森野のMCに続いて演奏したのは、8月28日にリリースするシングル“花色の美少女”。豪快なバンドアンサンブルで疾走するこのナンバーは、新しいSAKANAMONの境地を示しているように思う。沸きに沸いたフロアを、さらにヒートアップさせるキラーチューンだ。さらに「社会のしがらみに、もがき苦しむ人に贈る曲です」と藤森が語って“カタハマリズム”を歌うと、フロアからは大合唱が巻き起こる。ステージのSAKANAMONもすごいが、WING TENTのオーディエンスの盛り上がり方もすごい。バンドとフロアが一体となって、感動的な祝祭空間を生み出している。

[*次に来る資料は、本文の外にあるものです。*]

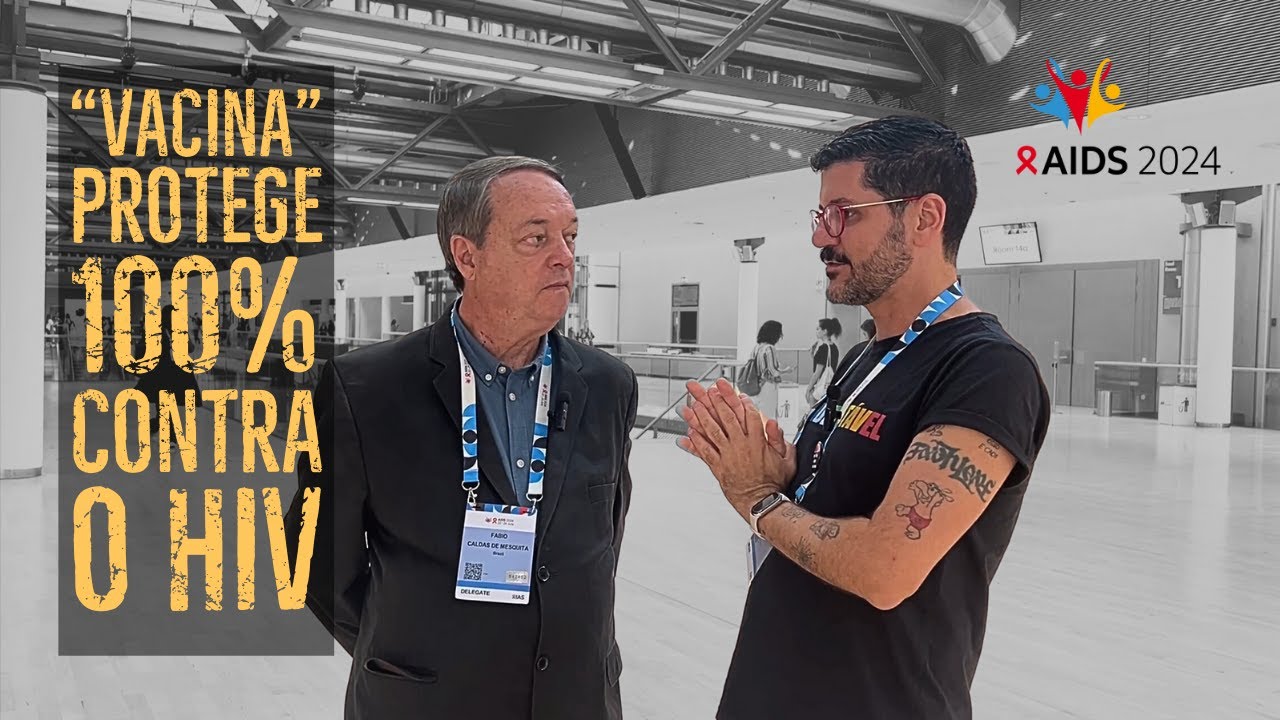 NOVA "VACINA" CONTRA O HIV PROTEGE 100% CONTRA O VÍRUS DA AIDS | AIDS 2024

イントロのギターで大歓声が巻き起こった“ミュージックプランクトン”でライヴを終えると、オーディエンスからは巨大なアンコールが。再びステージに戻ってきた木村浩大(Dr)は「ありがとうあげ〜〜!」と絶叫し、失笑を呼び起こす。「憧れのフェスでアンコールもらえるなんて幸せです、ありがとう。実質的に呼んでくれたのはロッキング・オン・ジャパンですが、本当の意味で僕たちをこのステージに連れてきてくれたのは、ここにいる皆さんだと思います。ありがとうございます」と森野が語り、割れるような拍手をオーディエンスから呼ぶと、最後は「結成の時、初めてやった曲で、お客さんが一人もいない時からやってた曲を、このROCK IN JAPANのステージでやりたいと思います」と語って“妄想DRIVER”を披露する。妄想ばっかりのどうしようもない歌なのだが、こうやって満員のWING TENTで聴くと、不思議と猛烈に感動してしまう。こんなにもたくさんのオーディエンスを、自分たちだけのやり方で笑顔にしてしまったSAKANAMON、偉大である。ROCK IN JAPAN 2013、WING TENTの最後を、万感のクライマックスで飾ってくれた。(大山貴弘)





この3日間の模様を凝縮した「ROCKIN'ON JAPAN増刊号 ROCK IN JAPAN FESTIVAL 2013」は9月上旬発売予定です! 全ライヴ・アクトのセットリストは、そちらに掲載されます。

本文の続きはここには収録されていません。